Most contemporary web developers recognize the importance of using an application framework when developing for the web. From Ruby on Rails to the litany of PHP frameworks available to up-and-coming Node.js offerings, application frameworks substantially reduce development time while improving code readability and standardizing development practices for the web. Surprisingly, though, many developers continue to handcraft their CSS for each application, or copy-and-paste legacy layout styles to new projects. CSS frameworks improve developer workflow for a few key reasons:
1. CSS frameworks standardize layout code.
Handcrafting layout code or maintaining your own company styles is a functional solution, but it reduces readability. New developers, or developers working on new projects, must learn the terminology and intersectional usage of a number of styles before they can step in to make changes. Custom stylesheets that have passed through a number of hands often accrue a number of outdated, conflicting, or repetitive styles that further worsen this problem. Regular refactoring can solve this problem to an extent, but who wants to waste time rewriting old CSS?
CSS frameworks standardize layout code because each class in the framework has the same meaning across applications, in much the same way that each element of an application framework connotes the same functionality across projects. This keeps stylesheets short and readable: each developer can learn the framework styles once, and only have to use custom styles for application-specific colors and layout elements.
2. CSS frameworks solve cross-browser compatibility issues.
A mature CSS framework, such as Bootstrap or Foundation, will have undergone an extended period of open-source development. This means that layout issues with old browsers have often been sussed out already, eliminating most of that feeling of shock you get when you first open your site in IE7. Cross-browser testing is a must for any project, but a good CSS framework will solve many problems for you before you even notice them.
3. CSS frameworks play well with mobile devices.
CSS frameworks are generally built around responsive principles, automatically optimizing content and even menus for the mobile web. While application-specific tweaks will need to be made, frameworks drastically reduce the time necessary to create a great user experience on mobile platforms. Additionally, some frameworks, such as Foundation, include layout elements that allow you to control the flow and order of layout elements as they are resized downwards.

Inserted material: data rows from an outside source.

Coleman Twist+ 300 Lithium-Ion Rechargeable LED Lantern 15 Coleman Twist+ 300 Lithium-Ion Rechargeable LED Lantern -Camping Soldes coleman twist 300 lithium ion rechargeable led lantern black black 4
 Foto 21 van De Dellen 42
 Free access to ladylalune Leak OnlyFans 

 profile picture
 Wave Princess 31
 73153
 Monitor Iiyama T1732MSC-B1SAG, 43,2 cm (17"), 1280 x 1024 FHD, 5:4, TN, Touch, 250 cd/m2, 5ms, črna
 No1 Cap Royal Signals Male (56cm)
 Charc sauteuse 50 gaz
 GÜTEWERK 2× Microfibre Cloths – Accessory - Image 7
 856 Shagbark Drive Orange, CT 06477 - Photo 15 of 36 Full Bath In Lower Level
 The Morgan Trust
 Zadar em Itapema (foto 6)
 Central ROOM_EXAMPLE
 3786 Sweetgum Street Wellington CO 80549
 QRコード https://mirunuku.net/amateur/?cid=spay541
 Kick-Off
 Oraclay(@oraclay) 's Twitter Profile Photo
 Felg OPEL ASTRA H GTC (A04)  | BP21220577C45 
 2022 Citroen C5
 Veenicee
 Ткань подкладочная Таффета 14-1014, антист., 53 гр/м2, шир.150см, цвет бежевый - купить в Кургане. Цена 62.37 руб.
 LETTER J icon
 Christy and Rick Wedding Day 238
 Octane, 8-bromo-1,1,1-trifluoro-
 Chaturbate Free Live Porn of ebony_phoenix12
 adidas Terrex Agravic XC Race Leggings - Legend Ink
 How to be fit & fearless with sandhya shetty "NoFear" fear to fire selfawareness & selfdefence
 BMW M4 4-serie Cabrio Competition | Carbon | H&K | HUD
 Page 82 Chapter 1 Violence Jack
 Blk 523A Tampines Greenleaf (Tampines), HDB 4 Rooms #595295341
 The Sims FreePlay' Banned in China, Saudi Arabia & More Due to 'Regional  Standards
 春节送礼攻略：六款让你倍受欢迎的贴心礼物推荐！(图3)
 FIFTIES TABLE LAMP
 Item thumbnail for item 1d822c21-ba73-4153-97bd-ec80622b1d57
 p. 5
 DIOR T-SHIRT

The two most common CSS frameworks being used today are Twitter’s Bootstrap and Zurb’s Foundation. Both offer the advantages mentioned above and neither is a poor choice; however, they have different focal areas that make each one a better choice for different types of projects. Bootstrap has traditionally been focused more around desktop than mobile, although this has changed to an extend with its most recent release; if battle-tested responsive behavior is important to your project, Foundation is the better choice. Additionally, a number of developers tend to adhere too closely to stock Bootstrap in their implementations, creating a “Bootstrappy feel” that plagues a number of websites. Foundation doesn’t tend to create this effect, but that may be just because it’s currently the less popular of the two. Finally, if your application is in Ruby on Rails, Foundation is the far superior choice; it is implemented with SCSS classes that allow you to easily create mixins and adjust variables to easily access powerful customizability. Whichever option you select, though, use of a CSS framework will go a long way towards building a powerful, beautiful application with readable, well-maintained styles.